The records:
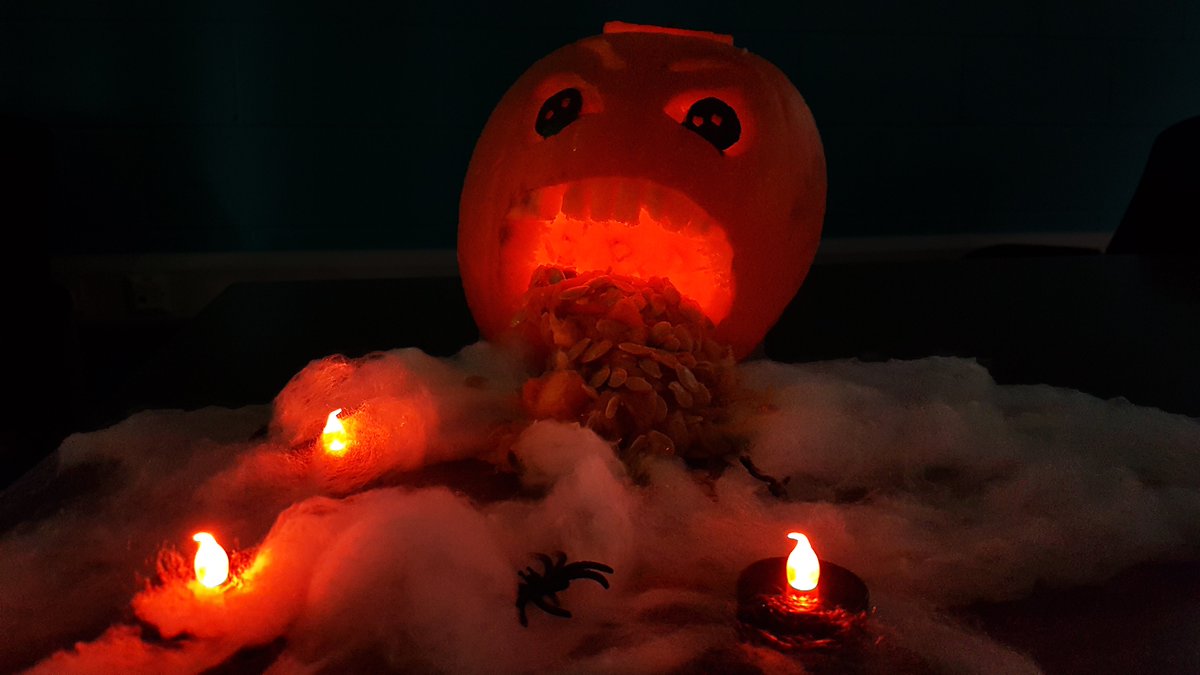 thinkorchard's tweet photo. Pumpkin Poll 🎃

Halloween season has arrived &amp; our staff have cut straight to the heart of it 🔪

But, who will win Orchard's most creative pumpkin?

🐺 The Wolf
👾 The Monster
👻 The Ghostbusters

Vote for your favourite via #OrchardHalloween 

#Cardiff #PumpkinCarving https://t.co/Z1hai9zMQf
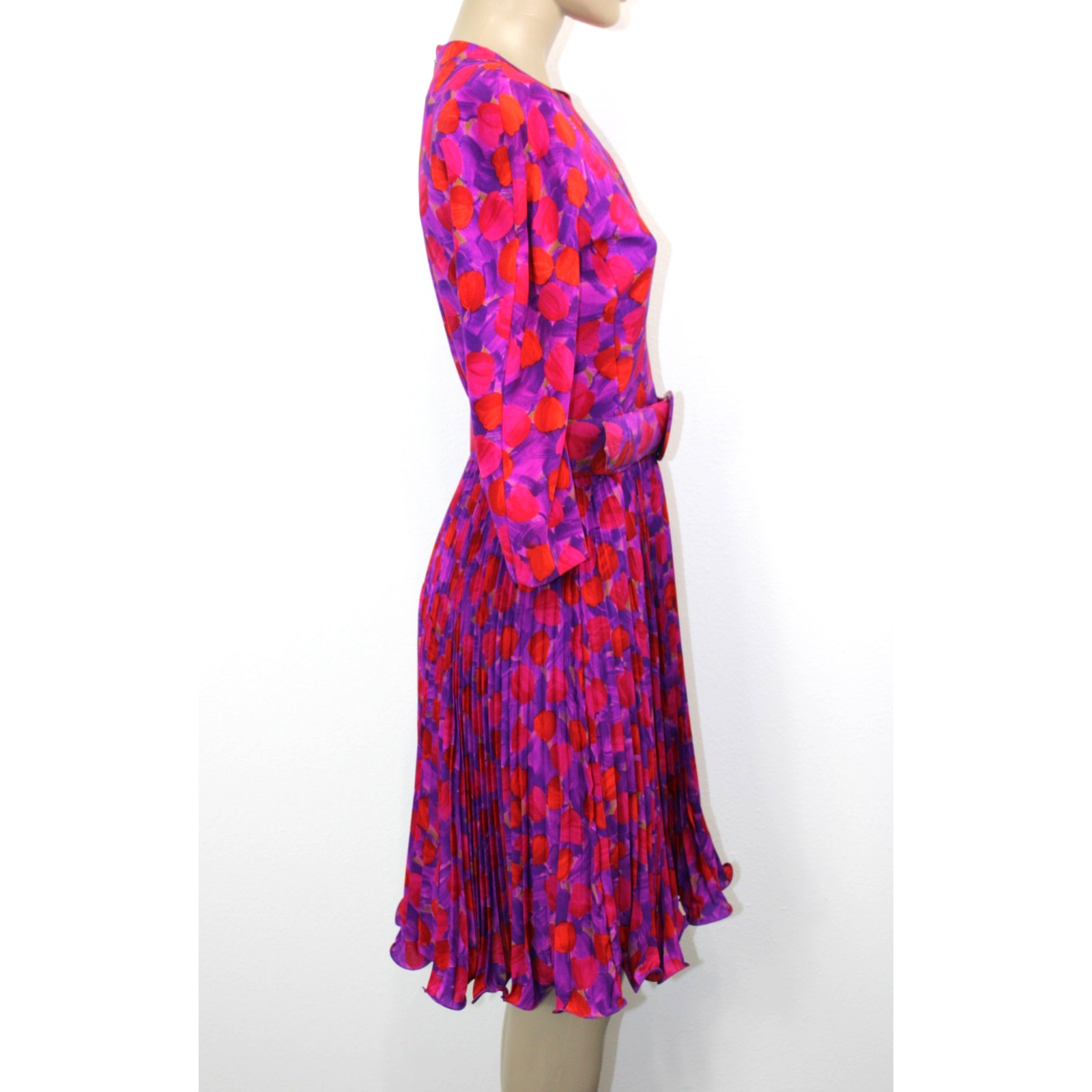Vintage 80s Arnold Scaasi Floral Pleated Belted Silk Lined Dress Size 6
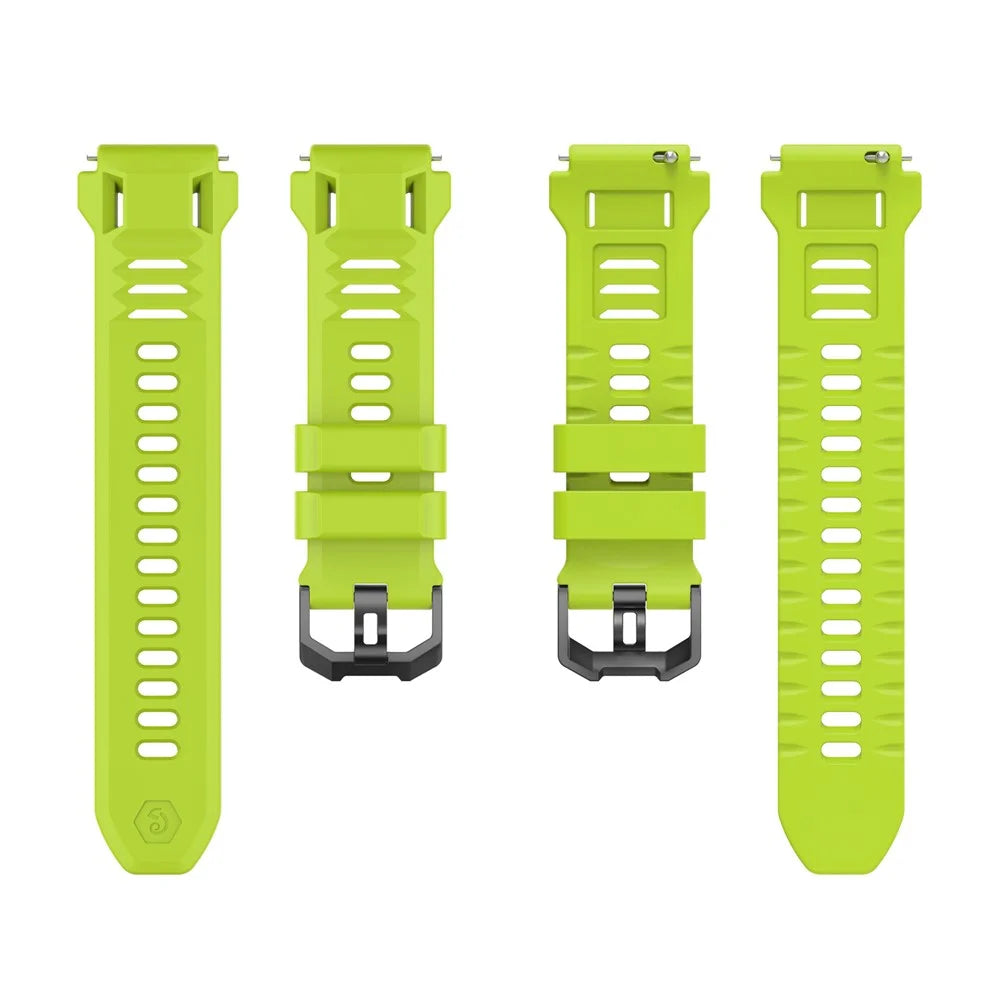 Solid Color Silicone Strap for Huami Amazfit T-Rex 3 Pro 44mm Breathable Anti-Slip Sport Watch Band - Light Green - 6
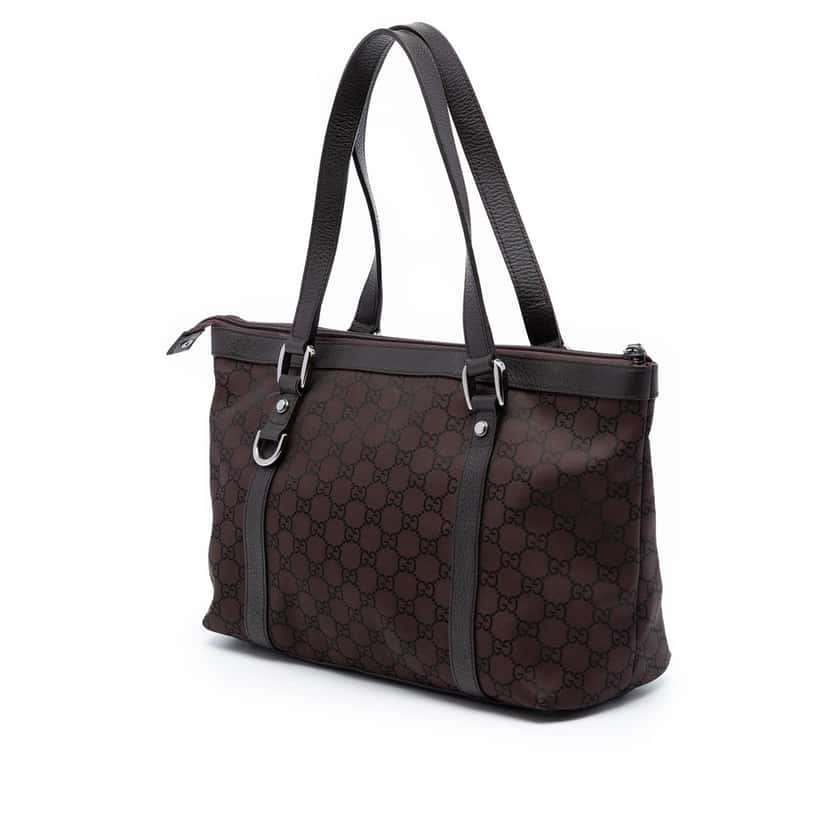 Gucci GG Nylon Abbey D Ring Tote Brown Very good condition - Back View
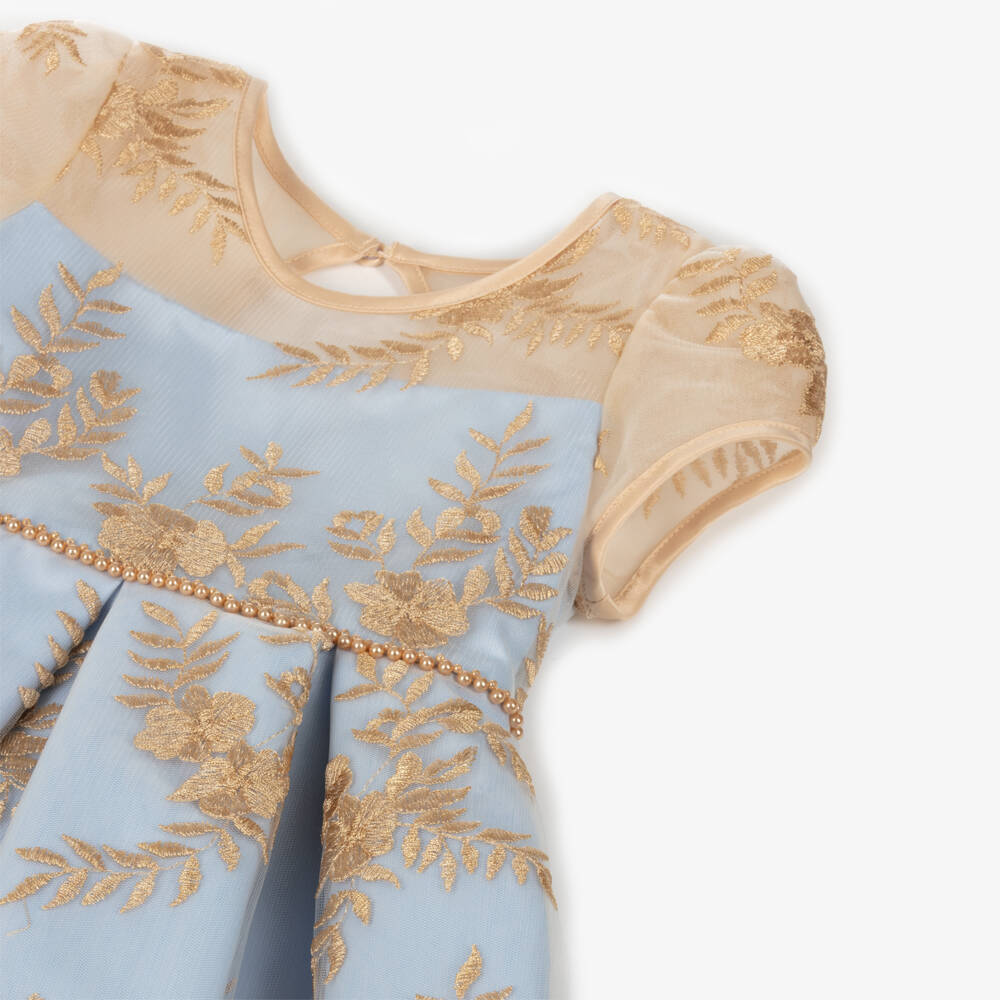 Sevva-Girls Blue Satin & Embroidered Gold Tulle Dress | Childrensalon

Required action: Would you please give the material above again, unchanged but without pictures?

Exercise output:
 thinkorchard's tweet photo. Pumpkin Poll 🎃

Halloween season has arrived &amp; our staff have cut straight to the heart of it 🔪

But, who will win Orchard's most creative pumpkin?

🐺 The Wolf
👾 The Monster
👻 The Ghostbusters

Vote for your favourite via #OrchardHalloween 

#Cardiff #PumpkinCarving https://t.co/Z1hai9zMQf
Vintage 80s Arnold Scaasi Floral Pleated Belted Silk Lined Dress Size 6
 Solid Color Silicone Strap for Huami Amazfit T-Rex 3 Pro 44mm Breathable Anti-Slip Sport Watch Band - Light Green - 6
 Gucci GG Nylon Abbey D Ring Tote Brown Very good condition - Back View
 Sevva-Girls Blue Satin & Embroidered Gold Tulle Dress | Childrensalon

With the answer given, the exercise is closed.